Mauritanie. Qui veut la peau du président ?

Le chef de l’État mauritanien, Mohamed Ould Abdelaziz, a été blessé par balle samedi 13 octobre dans des circonstances qui demeurent encore floues. Le caractère inopportun de l’incident et l’actuelle vacance de l’Exécutif ouvrent la porte à toutes les inquiétudes. Le point.

 

C’est certainement pour contrer les effets de panique que l’entourage du président n’a eu de cesse de rassurer l’opinion, domestique et internationale, depuis deux semaines. Mohamed Ould Abdel Aziz a d’ailleurs préféré se montrer en personne à la télévision au lendemain des faits, pour garantir que ses jours n’étaient plus en danger, suite à une première opération chirurgicale à Nouakchott. L’homme fort du pays est, depuis, en convalescence dans un hôpital près de Paris “pour des soins complémentaires” d’une durée indéterminée. Aucun intérim n’est prévu pour le moment, la Constitution ne le prévoyant qu’en cas d’“empêchement déclaré définitif”. Selon la version officielle, l’origine du tir relèverait d’une simple erreur d’identification. Une patrouille mobile aurait ouvert le feu sur le convoi présidentiel qui le ramenait d’un séjour de repos dans le désert. Les forces en stationnement sur ce poste de contrôle situé à 40 km de la capitale n’auraient pas été informées du passage du président, qui roulait ce jour-là en véhicule banalisé. Version confirmée par le président et même par les officiers de l’armée. 

 

Crispations

Malgré les assurances à répétition de l’Exécutif, les spéculations vont bon train chez notre voisin. Une version alternative des faits, basée sur des témoignages, alimente la thèse de la tentative d’assassinat. Selon cette rumeur, une voiture aurait dépassé le convoi en tirant dans la direction des sièges passagers. De quoi nourrir tous les fantasmes sur une volonté de déstabilisation politique, thèse séductrice dans un pays dont l’histoire récente est jalonnée d’une série de coups d’Etat et où certaines factions de l’armée nourrissent leur hostilité à l’égard de Abdelaziz. Si tout semble être revenu à la normale depuis l’incident, ce qui discréditerait cette thèse, l’angoisse gagne du terrain dans le pays. La Coordination de l’opposition démocratique (COD), pourtant la plus déterminée des forces de l’opposition, a appelé à “la discrétion en ces circonstances malheureuses” et a ajourné toutes activités contestataires jusqu’à nouvel ordre. La presse mauritanienne, elle, a choisi la carte de la suspicion, n’ayant de cesse depuis une semaine de décortiquer les circonstances de cet événement “surréaliste”, que certains qualifient sans détour d’“attentat”. Vraiment pas de quoi calmer les esprits.
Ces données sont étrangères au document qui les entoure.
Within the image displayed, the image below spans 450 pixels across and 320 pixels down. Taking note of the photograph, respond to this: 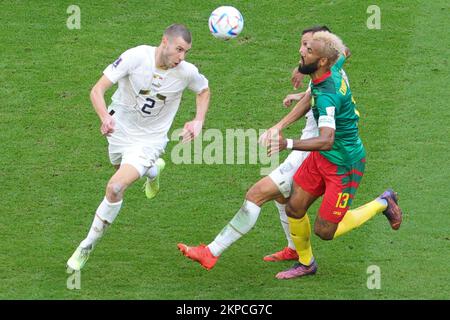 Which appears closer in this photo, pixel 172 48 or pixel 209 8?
pixel 172 48

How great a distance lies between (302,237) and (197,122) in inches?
55.1

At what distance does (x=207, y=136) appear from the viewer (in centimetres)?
1290

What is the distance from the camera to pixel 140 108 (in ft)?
35.2

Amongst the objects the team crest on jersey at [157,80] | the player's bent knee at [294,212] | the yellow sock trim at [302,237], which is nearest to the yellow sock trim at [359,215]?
the yellow sock trim at [302,237]

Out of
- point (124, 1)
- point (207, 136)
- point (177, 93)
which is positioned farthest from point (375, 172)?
point (124, 1)

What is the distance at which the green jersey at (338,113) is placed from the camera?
973 cm

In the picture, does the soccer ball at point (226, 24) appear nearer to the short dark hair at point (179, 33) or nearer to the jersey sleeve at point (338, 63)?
the short dark hair at point (179, 33)

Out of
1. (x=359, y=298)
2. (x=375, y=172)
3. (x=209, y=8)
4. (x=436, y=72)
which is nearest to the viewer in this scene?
(x=359, y=298)

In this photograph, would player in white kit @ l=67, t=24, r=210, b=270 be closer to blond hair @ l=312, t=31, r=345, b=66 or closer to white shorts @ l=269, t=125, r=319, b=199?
white shorts @ l=269, t=125, r=319, b=199

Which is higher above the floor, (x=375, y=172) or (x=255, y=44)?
(x=255, y=44)

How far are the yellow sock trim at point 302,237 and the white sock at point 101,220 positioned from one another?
157cm

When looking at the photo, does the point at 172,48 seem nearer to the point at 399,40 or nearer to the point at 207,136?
the point at 207,136

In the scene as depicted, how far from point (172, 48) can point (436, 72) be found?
16.4 feet

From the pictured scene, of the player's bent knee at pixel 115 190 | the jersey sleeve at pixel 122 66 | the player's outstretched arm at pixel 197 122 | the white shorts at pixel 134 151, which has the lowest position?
the player's bent knee at pixel 115 190
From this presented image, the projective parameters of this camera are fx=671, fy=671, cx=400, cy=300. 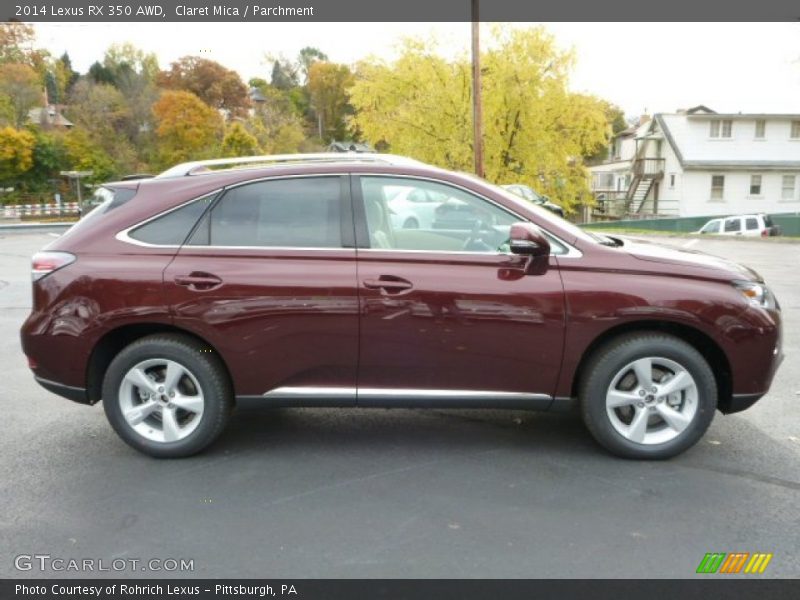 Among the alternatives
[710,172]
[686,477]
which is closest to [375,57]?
[710,172]

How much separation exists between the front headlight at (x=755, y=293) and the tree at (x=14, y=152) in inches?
1624

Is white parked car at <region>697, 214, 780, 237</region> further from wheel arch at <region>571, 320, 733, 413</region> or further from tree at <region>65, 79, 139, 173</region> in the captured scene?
tree at <region>65, 79, 139, 173</region>

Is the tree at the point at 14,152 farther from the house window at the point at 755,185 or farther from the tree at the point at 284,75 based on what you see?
the tree at the point at 284,75

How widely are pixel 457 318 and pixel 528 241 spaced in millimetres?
600

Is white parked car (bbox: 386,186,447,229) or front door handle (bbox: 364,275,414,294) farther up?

Pas plus que ne l’est l’ombre d’AQMI, qui pourrait selon certaines versions être impliquée dans la fusillade. Cette thèse plus précise, plus sombre, n’en est pas moins légitime étant donné le lourd passif de l’organisation terroriste en terre mauritanienne : attaques contre des casernes mauritaniennes, assassinat d’un ressortissant américain, enlèvement et assassinat de ressortissants français. De plus, la nébuleuse du désert a depuis longtemps proféré des menaces de mort à l’encontre du président en réponse à la “guerre par procuration” – entendre “pour le compte de l’impérialisme occidental français” – qu’il mène contre le terrorisme sahélien. L’événement intervient d’ailleurs alors que Paris ne cesse de mettre en garde contre la croissance de la menace terroriste dans le pays et qu’un redéploiement de l’armée française dans la région est en cours.

 

Mauvais timing

Le déficit d’information et le discours (trop) rassurant de l’Exécutif ont clairement pour effet d’alimenter toutes ces thèses conspirationnistes. Mais comment pourrait-il en être autrement dans un Etat menacé intérieurement depuis plusieurs années et où tous les regards sont tournés vers les malheurs du voisin malien ? L’implication d’AQMI et de ses alliés dans l’insurrection du Nord-Mali fait peser la menace d’une déstabilisation durable de tous les pays frontaliers. Mais la Mauritanie, pourtant alliée du Mali et compagnon de douleur dans la lutte contre le terrorisme, rechigne à participer à l’intervention internationale autorisée mi-octobre par le Conseil de sécurité de l’ONU. Comme si garder ses distances avec la crise malienne allait offrir une accalmie à Nouakchott. Avec déjà 100 000 réfugiés maliens amassés à sa frontière et un Exécutif en vacance suite à une mystérieuse fusillade, les autorités auront beau faire : la Mauritanie est plus que jamais liée au destin de son voisin, pour le meilleur et pour le pire.